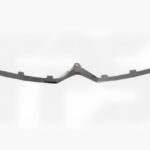 Молдинг решітки радіатора Citroen C4 2 B7 2010+ нижній Молдинг решітки радіатора Citroen C4 2 B7 2010+ нижній FP 2046 280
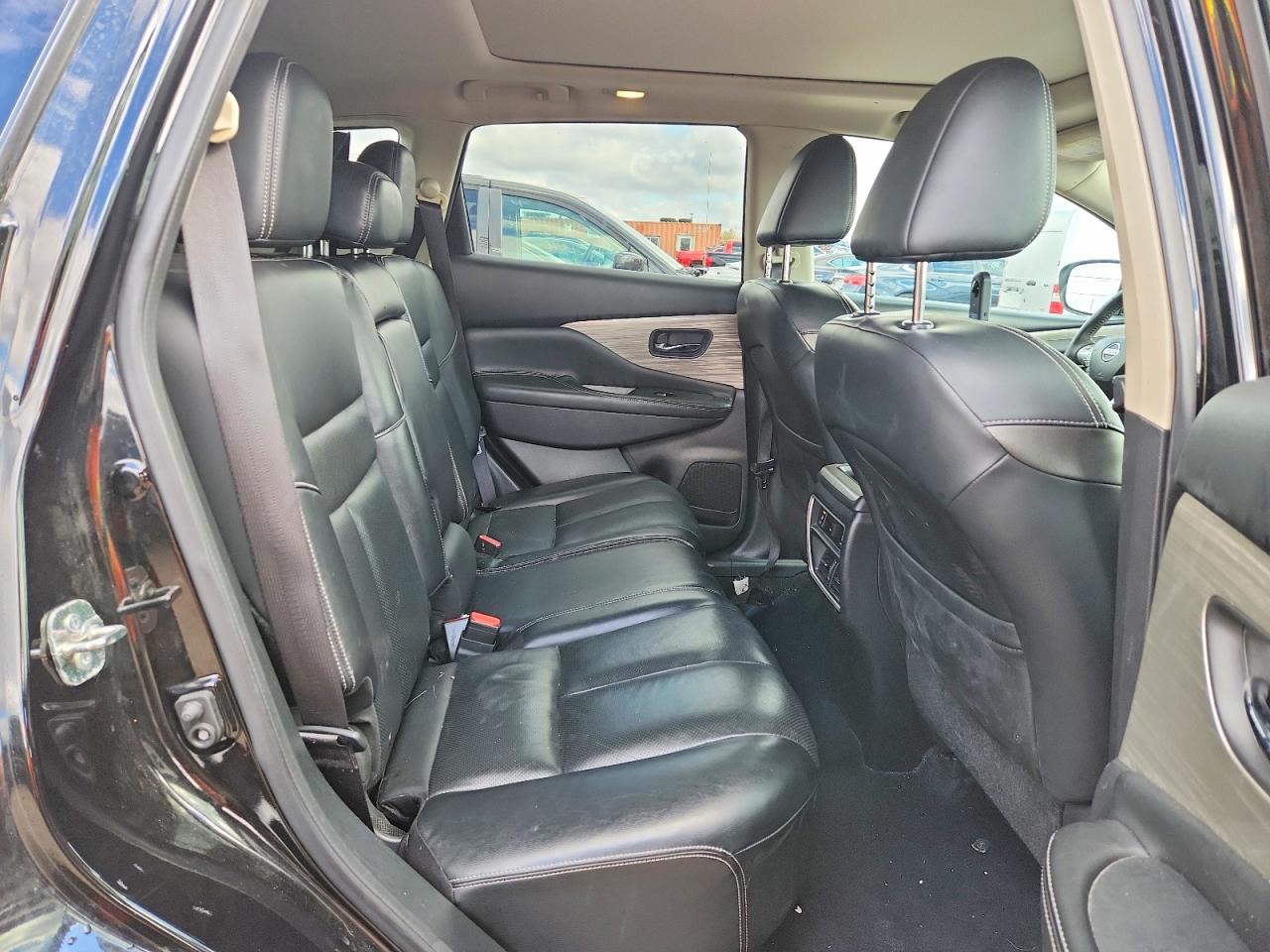 Nissan Murano Platinum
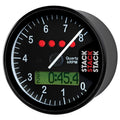 DISPLAY TACHOMETER BLACK 0313K RPM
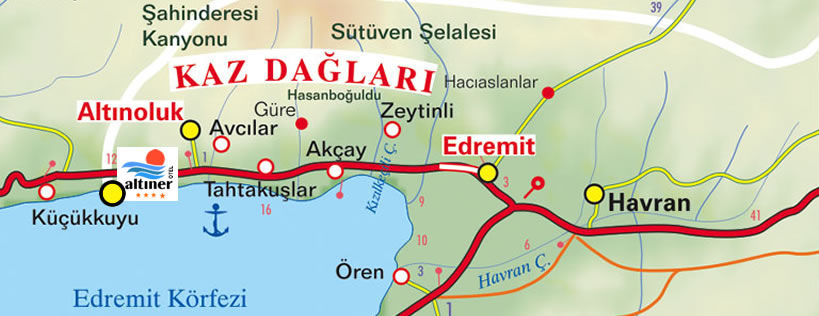 Ra Resort Otel Küçükkuyu Extérieur photo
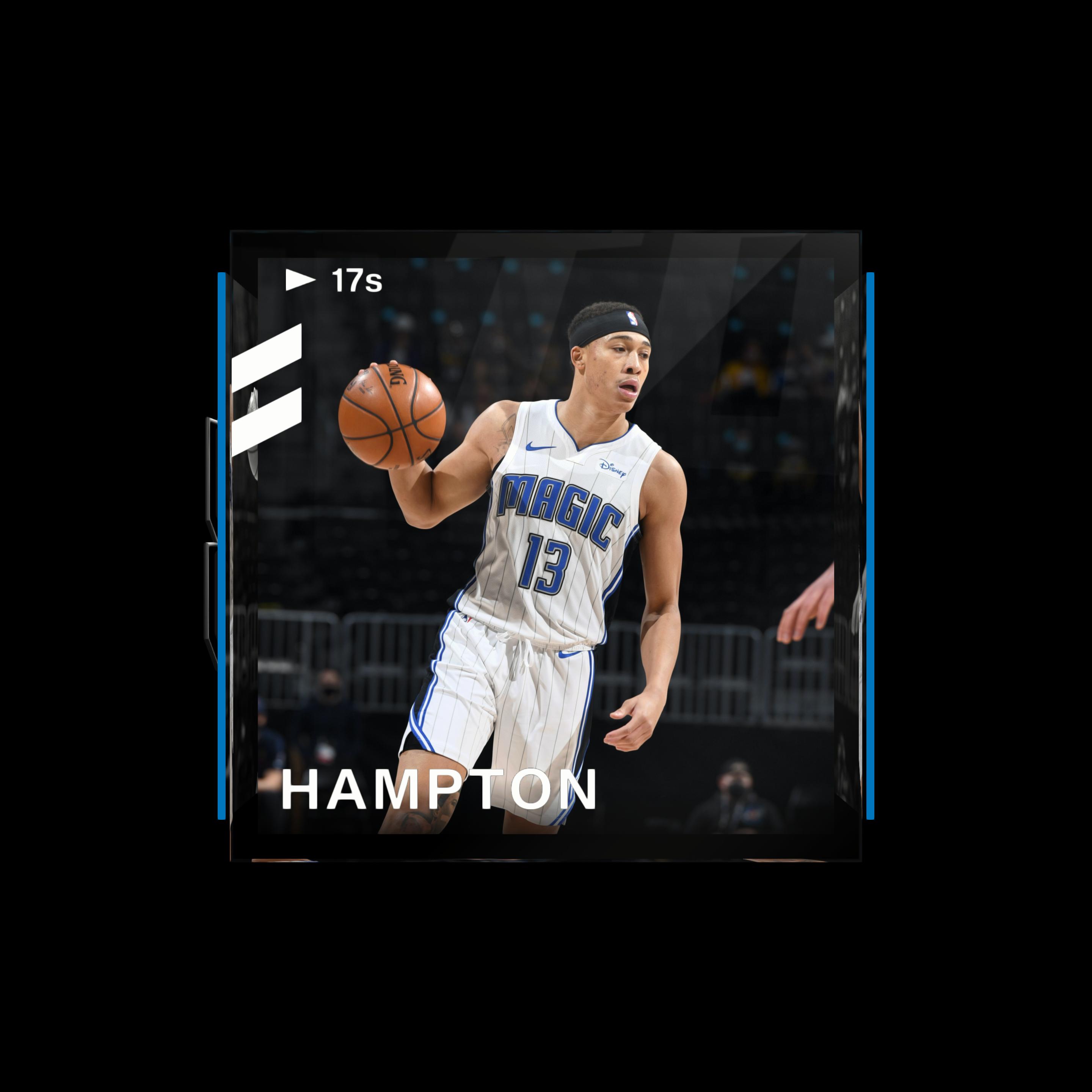 R.J. Hampton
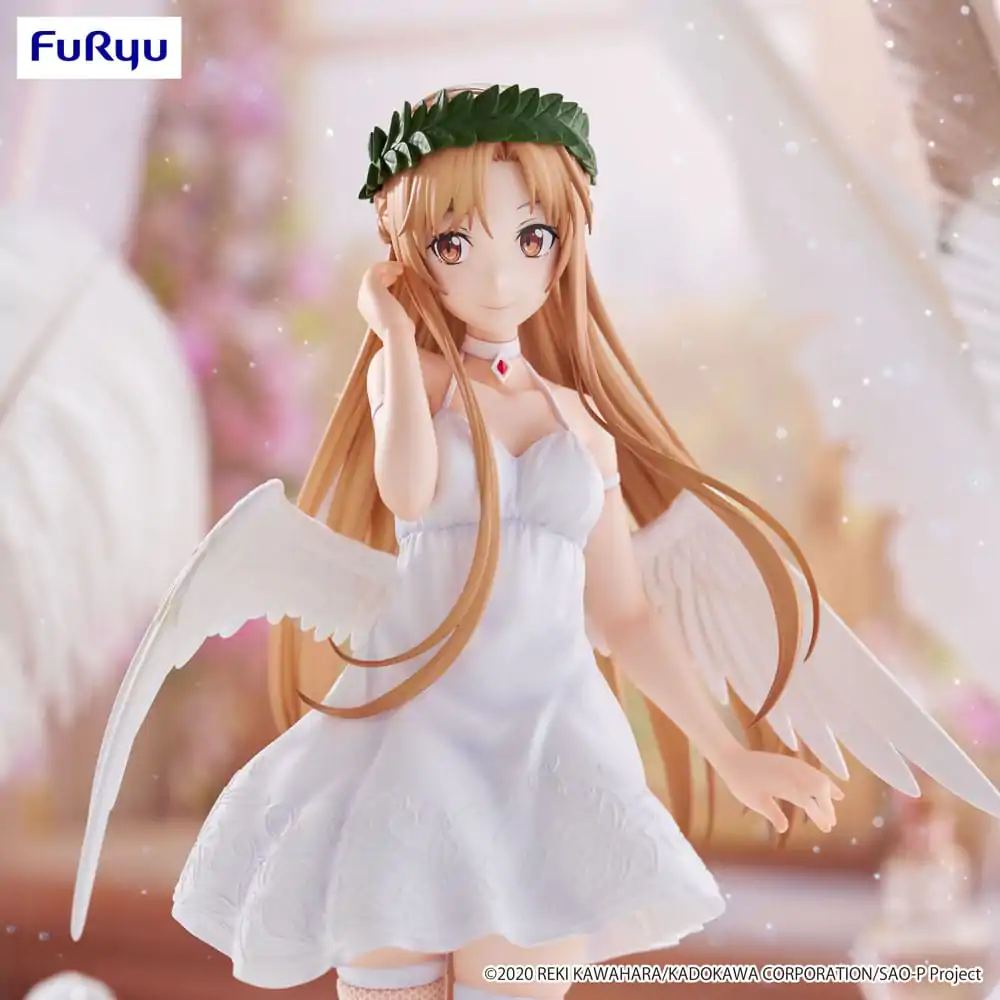 Sword Art Online BiCute Pure PVC Soška Asuna 24 cm fotografii produktu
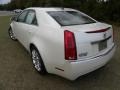 White Diamond Tri-Coat - CTS Sedan Photo No. 16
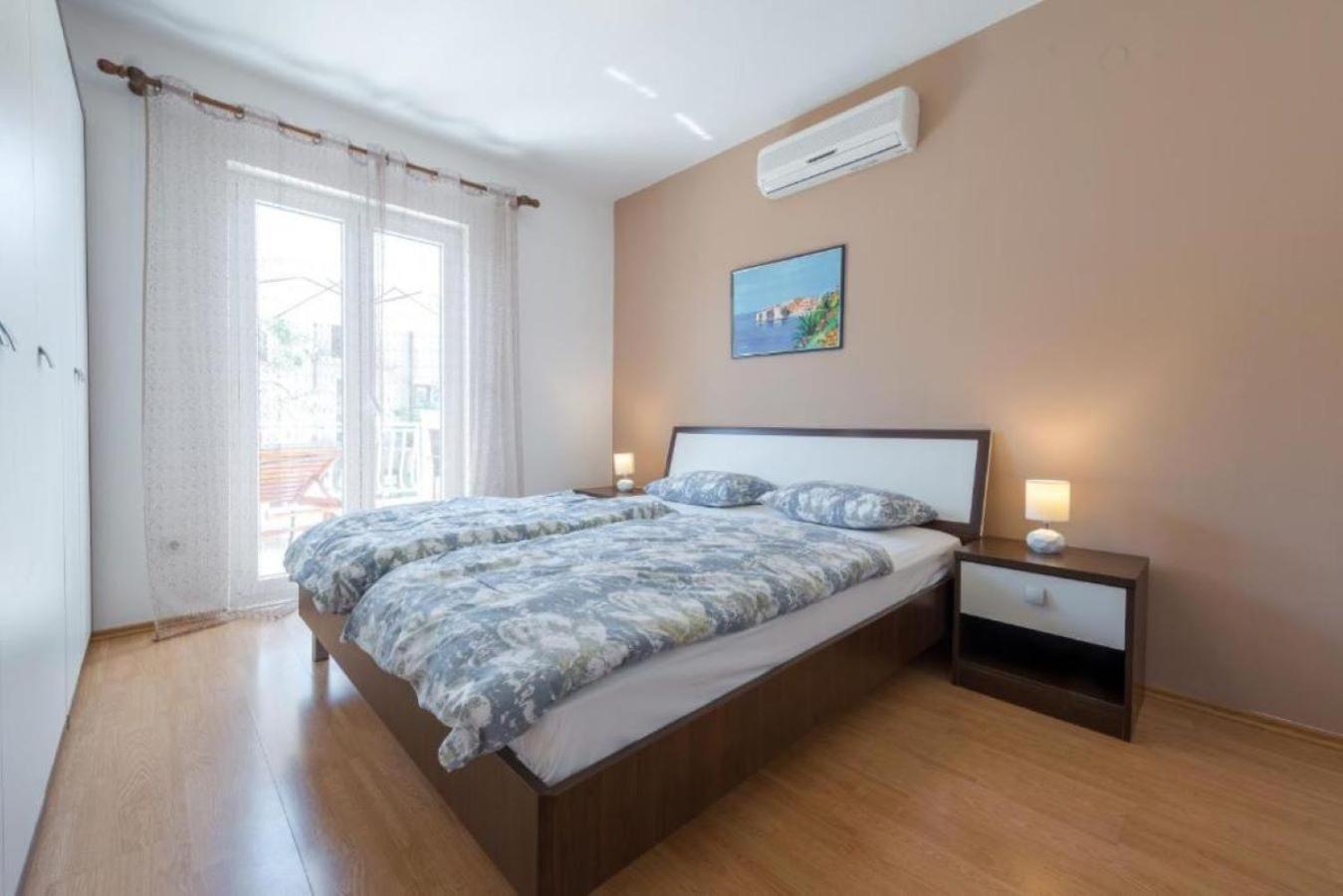 Villa Adria Apartments Cavtat Exteriér fotografie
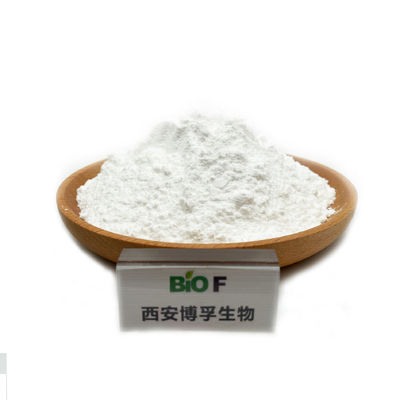 CAS 6020-87-7 Monohidrato de creatina em pó Cosméticos naturais Matérias-primas Branco Cristalino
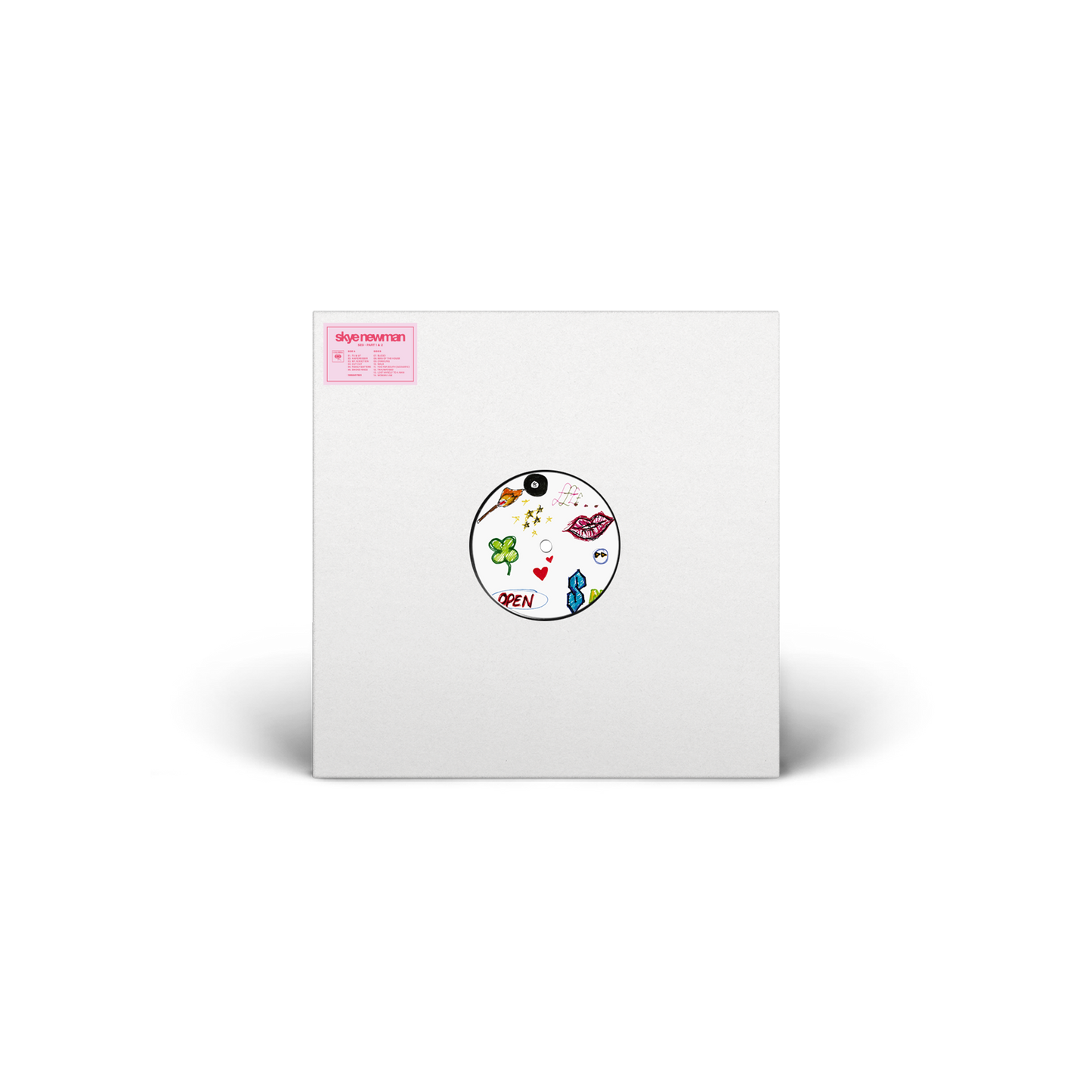 SE9 PART 2 D2C EXCLUSIVE VINYL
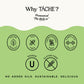 T  che Unsweetened Pistachio Milk - Plant Based Nut Milk & Pistachio Creamer - Rich, Smooth, Barista Blend, Non Dairy Creamer, G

**To do:**
Quote the entries in full. Any image among them is to be omitted from the copy.

**Your response:**
 Молдинг решітки радіатора Citroen C4 2 B7 2010+ нижній Молдинг решітки радіатора Citroen C4 2 B7 2010+ нижній FP 2046 280
 Nissan Murano Platinum
 DISPLAY TACHOMETER BLACK 0313K RPM
 Ra Resort Otel Küçükkuyu Extérieur photo
 R.J. Hampton
 Sword Art Online BiCute Pure PVC Soška Asuna 24 cm fotografii produktu
 White Diamond Tri-Coat - CTS Sedan Photo No. 16
 Villa Adria Apartments Cavtat Exteriér fotografie
 CAS 6020-87-7 Monohidrato de creatina em pó Cosméticos naturais Matérias-primas Branco Cristalino
 SE9 PART 2 D2C EXCLUSIVE VINYL
 T  che Unsweetened Pistachio Milk - Plant Based Nut Milk & Pistachio Creamer - Rich, Smooth, Barista Blend, Non Dairy Creamer, G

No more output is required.